Dans une salle de réunion de la maison internationale de la recherche (MIR) de CY Cergy Paris université, à Neuville-sur-Oise, un immense tableau Excel de près de 2 000 lignes et une vingtaine de colonnes est projeté sur le mur. Ce tableau est l’outil de travail principal de la commission d’examen des vœux qui s’occupe des candidats Parcoursup souhaitant intégrer la L1 de biologie de l’université. C’est cette commission composée de trois membres qui va construire le classement qui déterminera l’ordre de recrutement et d’appel des candidats ayant formulé un vœu sur Parcoursup.

Un travail en plusieurs étapes : après la fin de la formulation des vœux du candidat sur la plateforme, un pré-classement est créé grâce à l’outil d’aide à la décision paramétré par la commission, aussi surnommé "algorithme local". Un pré-classement que les membres de la commission pondèrent ensuite à la main, contrebalançant ainsi avec de l’humain une première étape plus algorithmique. Le classement "maison" sur Excel sera ensuite rebasculé sur Parcoursup, permettant ainsi le début de l’étape suivante : la phase d’admission principale.

La commission s’occupe cette année de 1 867 dossiers de candidature, pour 307 places. Elle s’est réunie ce 28 avril 2022 pour présenter le pré-classement, fruit du travail réalisé pendant un mois par Cédric Picot, président de la commission et enseignant-chercheur au sein du département biologie de l’Institut des sciences et technique de CY, également responsable de formation des L1 de biologie et L1 LAS. Il s’est chargé d’extraire les informations de profils des candidats sur Parcoursup pour en faire des données compatibles avec l’outil d’aide à la décision et Excel (notes des bulletins, fiche Avenir, etc.). Les candidates et candidats sont désignés par des numéros, afin d’anonymiser au maximum les dossiers. "Mais nous déduisons régulièrement le sexe, voire un prénom, en regardant les lettres de motivations", s’amuse Cédric Picot.

Avant la réunion, il a repéré plus de 300 dossiers de candidature "atypiques", c’est-à-dire ceux qui ne correspondent par au profil des néobacheliers ayant suivi des spécialités attendues pour la formation. Des dossiers qu’il est allé consulter directement dans Parcoursup avant de les signaler dans le tableau Excel, avec des annotations informatives pour aiguiller ses collègues. Un gros travail effectué "le soir, après les heures de cours", souffle Cédric Picot, pour qu’ensuite les deux autres membres de la commission influencent manuellement le classement en jouant sur des coefficients au sein du tableau Excel.
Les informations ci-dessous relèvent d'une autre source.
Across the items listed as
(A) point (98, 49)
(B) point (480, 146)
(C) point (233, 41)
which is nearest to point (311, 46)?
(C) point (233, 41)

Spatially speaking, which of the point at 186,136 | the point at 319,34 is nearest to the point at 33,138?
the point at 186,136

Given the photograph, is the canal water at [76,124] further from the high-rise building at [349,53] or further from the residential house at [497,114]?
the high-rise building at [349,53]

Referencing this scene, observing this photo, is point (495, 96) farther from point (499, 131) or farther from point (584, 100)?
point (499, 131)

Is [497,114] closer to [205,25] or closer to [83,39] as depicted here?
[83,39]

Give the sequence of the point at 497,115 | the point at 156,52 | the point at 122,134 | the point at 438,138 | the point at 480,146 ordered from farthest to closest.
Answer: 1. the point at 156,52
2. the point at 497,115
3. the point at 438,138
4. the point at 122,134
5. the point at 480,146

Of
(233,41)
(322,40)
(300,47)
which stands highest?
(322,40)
Comment fonctionne l’outil d’aide à la décision de cette commission

Avant de se retrouver tous dans un même classement, les dossiers ont été divisés en plusieurs profils par la commission, afin de leur appliquer des critères d’examen de candidatures différents :

  • Les néo-bacheliers ayant suivi un bac général en choisissant des spécialités en concordance avec celles recommandées par la formation, soit SVT, Physique-Chimie, Mathématiques et/ou Mathématiques complémentaires.
  • Les néo-bacheliers ayant un bac général, mais dont les spécialités ne correspondent pas aux attendus de la formation.
  • Les néo-bacheliers n’ayant pas suivi un bac général.
  • Les candidats ayant réalisé une année (ou plus) post-baccalauréat, eux-mêmes séparés entre profils bac S et les autres.

Chacun de ces profils est examiné selon la même logique : les notes du candidat sont réparties entre plusieurs "blocs". Avec par exemple d’un côté le A, qui regroupe les matières scientifiques de l’année de Première, le B qui regroupe les mêmes mais pour le premier trimestre de Terminale, et le C qui regroupe celles des matières non scientifiques. Ces différents blocs pèsent ensuite plus ou moins lourd au sein d’une équation mathématique propre à chaque profil, avec en plus la prise en compte de la fiche "Avenir". Ce document, rempli par des personnels du lycée, contient en plus des notes une appréciation de l’élève, ses éventuels progrès et un avis du chef d’établissement sur le vœu formulé.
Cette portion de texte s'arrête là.